Das Institut für Humangenetik (IHG) gehört inzwischen seit 20 Jahren zum „Deutschen Konsortium Familiärer Brust- und Eierstockkrebs“. „Es handelt sich dabei um einen deutschlandweiten Verbund von 17 universitären Zentren, mit dem Ziel, Ratsuchende bzw. Betroffene mit einer familiären Belastung für diese Krebserkrankungen optimal zu betreuen“, erzählt Prof. Frank Tüttelmann, Humangenetiker am UKM. „Anne M. und ihre Angehörigen sind die 5000. Familie, die wir im Rahmen dieses Projekts nun aufgenommen haben.“
Ärzte und Wissenschaftler der einzelnen Standorte sind eng miteinander ver-netzt. „Auch innerhalb der Zentren ist die fachübergreifende Zusammenarbeit mit Gynäkologen, Radiologen und Pathologen von besonderer Bedeutung", betont Prof. Peter Wieacker, Direktor des IHG in Münster und Projektleiter für diesen Standort. Zunächst wird in Vorgesprächen geklärt, ob der Verdacht auf eine Genveränderung gegeben ist. Danach folgen gegebenenfalls eine Genanalyse und präventive Maßnahmen im Rahmen einer intensivierten Früherkennung bzw. Nachsorge sowie bei Bedarf auch prophylaktische Operationen. „Der Angelina-Jolie-Effekt ist immer noch deutlich spürbar", verweist Prof. Tüttelmann darauf, dass auch vier Jahre nach Bekanntwerden der vorsorglichen Brustamputation der Schauspielerin der Beratungsbedarf noch groß ist.
„Ich habe mich immer gefragt: Warum gerade ich?“, erzählt Anne M.. „Jetzt habe ich endlich Klarheit!“ Mit Hilfe der genetischen Diagnostik wurde bei ihr eine sogenannte BRCA1-Mutation nachgewiesen. Nun kann die Mutter zweier Kinder im Rahmen des Projekts nicht nur ihr eigenes Risiko ein-schätzen lassen, auch volljährige Familienangehörige werden auf Wunsch getestet.

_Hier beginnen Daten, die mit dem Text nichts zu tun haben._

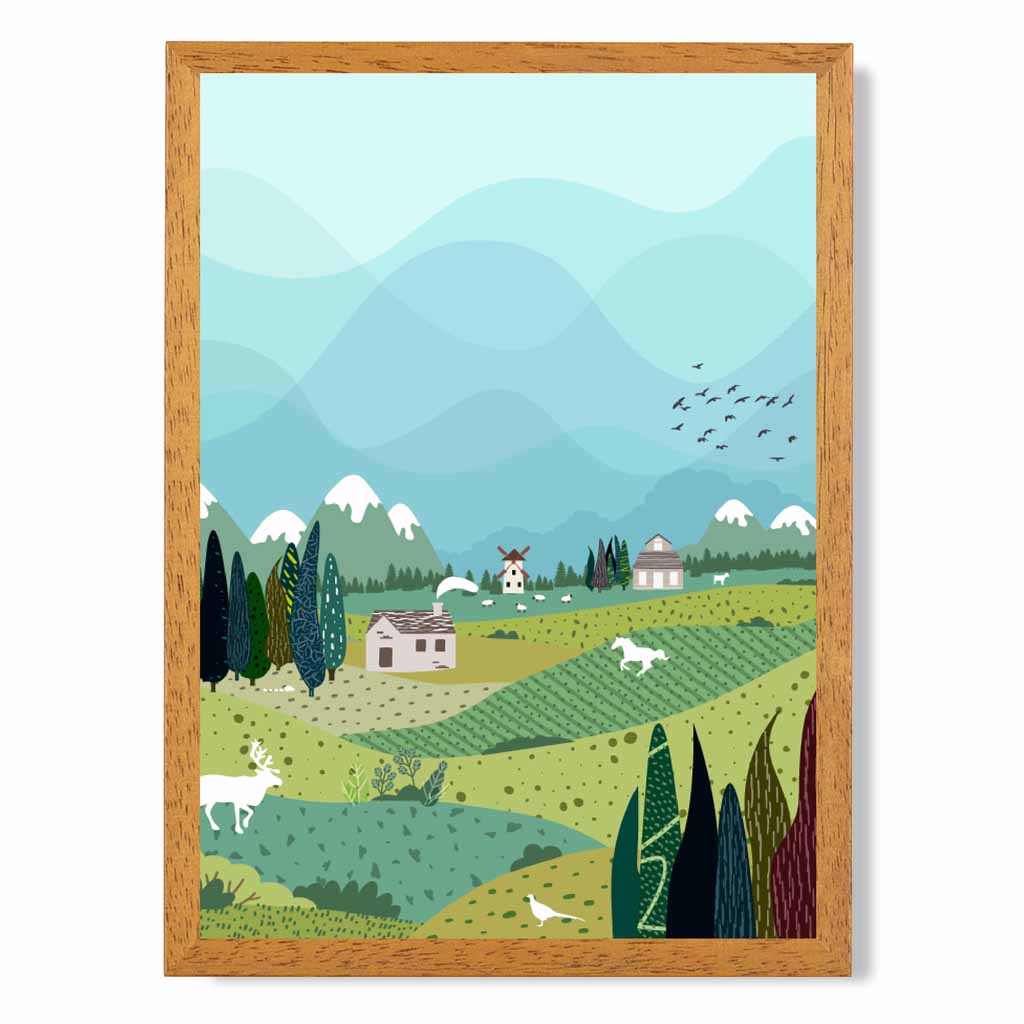 Graphical Modern Blue, Green Mountain Village Art Poster | Wall Art Plaza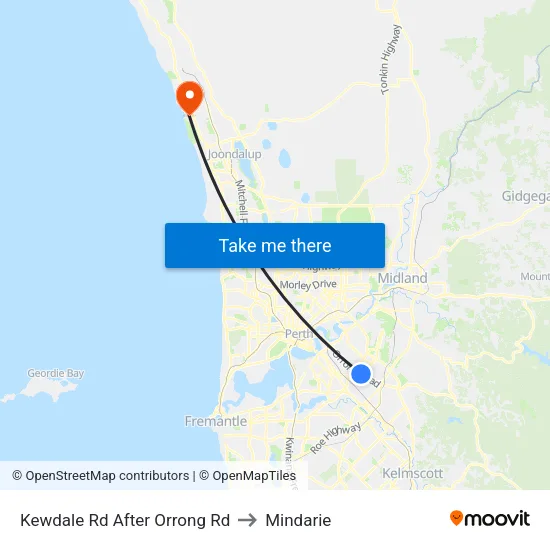 Kewdale Rd After Orrong Rd to Mindarie map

„Mit dem Wissen um ein erhöhtes Risiko für sich selbst und eventuell auch für die Angehörigen umzugehen, ist oft nicht leicht“, so Wieacker. „Aus diesen Gründen bieten wir immer auch eine psychologische Beratung an sowie Unterstützung bei der Entscheidungsfindung für mögliche therapeutische Konsequenzen.“ Letztlich ist eben dieses Wissen aber auch eine gute Grundlage für eine individuelle, bei Bedarf intensivierte Vorsorge.